Prédication sur Jean 10,9

La porte communicante entre intériorité et engagement extérieur.

Bien-aimés du Christ,

Les parents de Tessa me disaient : Pour nous baptiser notre enfant c’est lui ouvrir une porte sur un chemin, et l’y accompagner si nécessaire. Ouvrir une porte sur un chemin que Tessa devra, elle, un jour, choisir de parcourir.

Jésus dit : Je suis la porte des brebis.

La porte c’est une image riche de symboles.

Une porte c’est quoi ? C’est un lieu de passage.

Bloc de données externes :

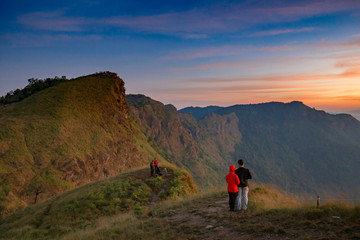 Fototapeta premium Rrainforest mountain viewpoint of Sanknokwua (San Knok Wua) hill at Khao Laem National Park. The highest peak in Kanchanaburi photo during sunrise.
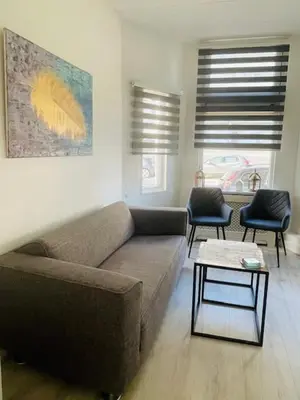 a living room with a couch and two chairs at SteR Appartement Zandvoort in Zandvoort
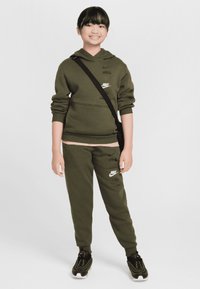 Dark green hoodie with adjustable hood and front pocket, paired with matching joggers. Both feature Nike logos in various sizes. Dark sneakers complete the look.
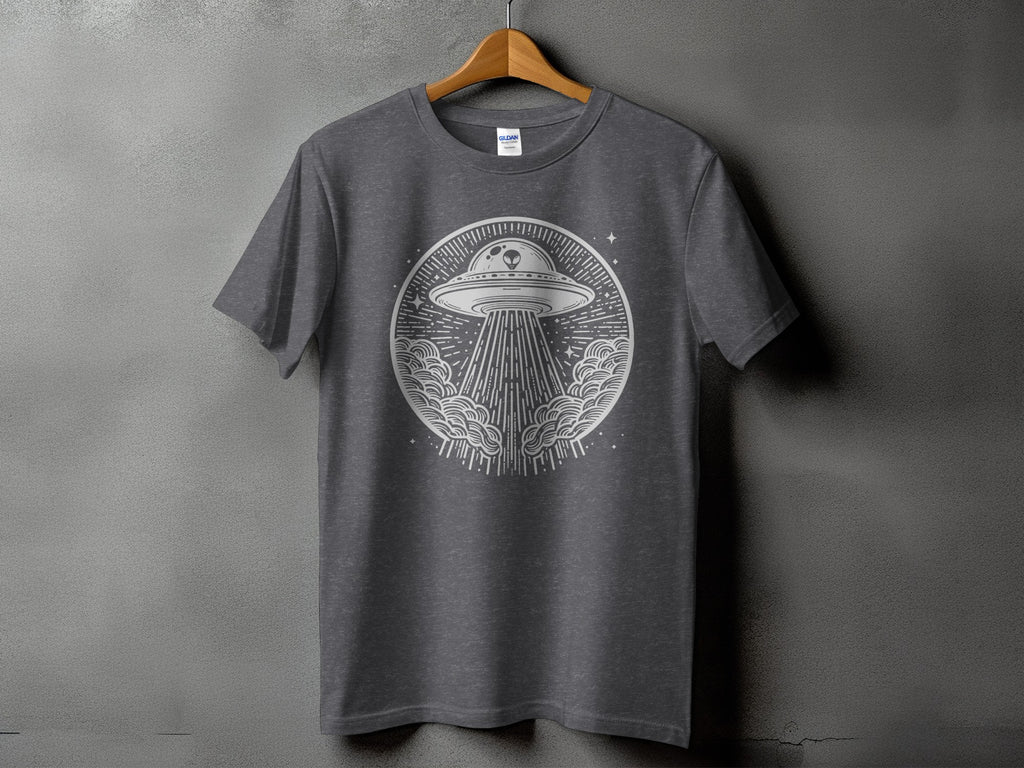 Gray t-shirt with circular alien spaceship and beam graphic design.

Un lieu où il faut marquer un arrêt pour passer. Je vous concède qu’aujourd’hui c’est moins évident… avec toutes ces portes automatiques.

La porte c’est le passage entre le dehors et le dedans, entre chez soi et la rue ; entre notre intérieur, là où on se sent bien, à l’abri des regards, là où on se repose, où on se ressource ET le monde ouvert sur l’extérieur où on donne de soi, où on travaille, où on rencontre, où on doit se contenir pour faire bonne figure et rester digne… ; entre la sécurité et là où l’on se risque.

La porte est un symbole de liberté et de sécurité. Elle est lieu d’accueil et de rencontre.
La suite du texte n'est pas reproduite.